Thursday, July 6, 2017

So, where did I disappear to?







































It's hard to believe that Hoka Hoka Burb'l Burb'l is out in the world after all these years.
In the Afterword I explain some of the reasons why it took me so long.

After a lot of personal ups and downs, in the spring of 2016, I finally settled down and started acting like a serious comic-book creator again. After last year's San Diego Comic-Con, I promised any one who was listening that I couldn't dare show up at Comic-Con 2017 unless I had a finished book in hand. (It was kinda close, y'know?)

In order to accomplish this I had to shut out the world and be totally immersed in Beanworld. That meant ignoring almost everyone I know, and stop looking at Twitter, Facebook and all comics related news sites.I reached a point that the seemingly endless crawl of things in my feeds were either people squabbling over politics or ranting about corporate comics stuff I'd stopped caring about.

I recognized that after 30+ years I didn't have to know everything about the business anymore because no one was paying me to know all that stuff anymore. (I'm not even sure it is possible anymore.) It was liberating in a way only a few former colleagues can really understand.

The only social media I participated in was Vine and to a lesser extent Tumblr.
I loved Vine.
Exploring the endless visual and sound possibilities of a six second video loop was seductive.
Vine was the perfect distraction.
Over time, I fell into the company of a ragtag bunch of visual artists, writers, photographers, and people that are just really funny.

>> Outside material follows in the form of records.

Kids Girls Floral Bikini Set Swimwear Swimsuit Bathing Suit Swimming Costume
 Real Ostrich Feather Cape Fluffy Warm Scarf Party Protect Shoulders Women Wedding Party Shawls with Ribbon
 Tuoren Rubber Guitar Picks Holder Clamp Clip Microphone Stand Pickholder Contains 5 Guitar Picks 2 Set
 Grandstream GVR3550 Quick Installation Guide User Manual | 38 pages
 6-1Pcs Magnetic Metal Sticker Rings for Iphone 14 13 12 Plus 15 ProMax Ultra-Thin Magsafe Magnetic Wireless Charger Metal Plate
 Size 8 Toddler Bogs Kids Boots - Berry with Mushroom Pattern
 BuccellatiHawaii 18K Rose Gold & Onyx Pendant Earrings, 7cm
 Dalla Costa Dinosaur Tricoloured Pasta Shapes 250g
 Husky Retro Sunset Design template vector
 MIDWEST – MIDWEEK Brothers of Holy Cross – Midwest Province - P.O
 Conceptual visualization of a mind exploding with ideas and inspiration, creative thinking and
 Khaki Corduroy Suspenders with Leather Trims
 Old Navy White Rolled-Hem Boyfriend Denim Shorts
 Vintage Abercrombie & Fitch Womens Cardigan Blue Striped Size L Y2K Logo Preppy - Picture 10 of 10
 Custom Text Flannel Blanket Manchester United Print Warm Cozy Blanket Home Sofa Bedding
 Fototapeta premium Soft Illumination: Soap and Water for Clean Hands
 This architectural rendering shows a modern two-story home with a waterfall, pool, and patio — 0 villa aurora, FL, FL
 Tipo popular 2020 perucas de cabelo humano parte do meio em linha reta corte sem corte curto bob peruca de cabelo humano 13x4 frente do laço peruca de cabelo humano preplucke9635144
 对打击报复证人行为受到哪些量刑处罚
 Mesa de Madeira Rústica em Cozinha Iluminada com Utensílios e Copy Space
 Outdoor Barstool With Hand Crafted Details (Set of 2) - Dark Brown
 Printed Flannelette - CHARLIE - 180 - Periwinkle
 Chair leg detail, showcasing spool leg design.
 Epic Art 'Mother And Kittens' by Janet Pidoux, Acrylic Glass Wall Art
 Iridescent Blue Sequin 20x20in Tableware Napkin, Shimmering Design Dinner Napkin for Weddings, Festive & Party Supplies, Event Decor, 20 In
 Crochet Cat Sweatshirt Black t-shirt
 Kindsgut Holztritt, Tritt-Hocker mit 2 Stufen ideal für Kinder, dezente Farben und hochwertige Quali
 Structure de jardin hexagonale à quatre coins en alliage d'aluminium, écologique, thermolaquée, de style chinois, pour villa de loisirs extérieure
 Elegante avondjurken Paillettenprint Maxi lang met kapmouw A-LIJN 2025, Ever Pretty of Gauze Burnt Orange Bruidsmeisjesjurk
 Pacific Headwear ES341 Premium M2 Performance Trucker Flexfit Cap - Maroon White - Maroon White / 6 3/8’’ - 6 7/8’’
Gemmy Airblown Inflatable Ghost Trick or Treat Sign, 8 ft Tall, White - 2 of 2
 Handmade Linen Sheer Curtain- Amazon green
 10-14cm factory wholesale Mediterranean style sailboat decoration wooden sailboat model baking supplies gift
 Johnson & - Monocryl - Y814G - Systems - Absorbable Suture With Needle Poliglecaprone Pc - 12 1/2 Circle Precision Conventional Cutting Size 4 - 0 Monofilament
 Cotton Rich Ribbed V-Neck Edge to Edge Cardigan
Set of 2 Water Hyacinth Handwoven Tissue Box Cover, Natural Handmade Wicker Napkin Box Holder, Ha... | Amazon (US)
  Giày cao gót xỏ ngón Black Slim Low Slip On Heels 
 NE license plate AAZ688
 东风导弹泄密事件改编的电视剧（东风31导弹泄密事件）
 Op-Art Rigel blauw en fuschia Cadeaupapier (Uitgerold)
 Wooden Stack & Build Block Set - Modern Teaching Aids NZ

The best part was, with very few exceptions ( Hello,TheMisterBumboShow.), hardly anyone on Vine knew anything about me beyond the stuff I was regularly posting. I participated in a few local Vine meet-ups and I didn't try to hide Beanworld or anything, I talked about it as much as anyone wanted to. Being a comic book creator just wasn't that big a deal. Going to Comic-Con was though. People were often very impressed that I could get into Comic-Con because it was all but impossible for them to go. That I went was for more impressive then the fact that I was an exhibitor.

It was in the digital company of these folks for three years that I mostly interacted with as I worked on Beanworld. Twitter shut down Vine right about the time I was really digging into The Battle to Finish Book Four. It was a very sad time for Vine folks. But the truth was, most people didn't "get" Vine beyond it being a temporary novelty. Twitter shut it down because there just weren't enough people there anymore.

I took my act over to Instagram where a whole lot of people do know me. Instagram can't handle a perfect loop but it's close enough for me. In the process I taught myself the fundamentals of iMovie and settled in there.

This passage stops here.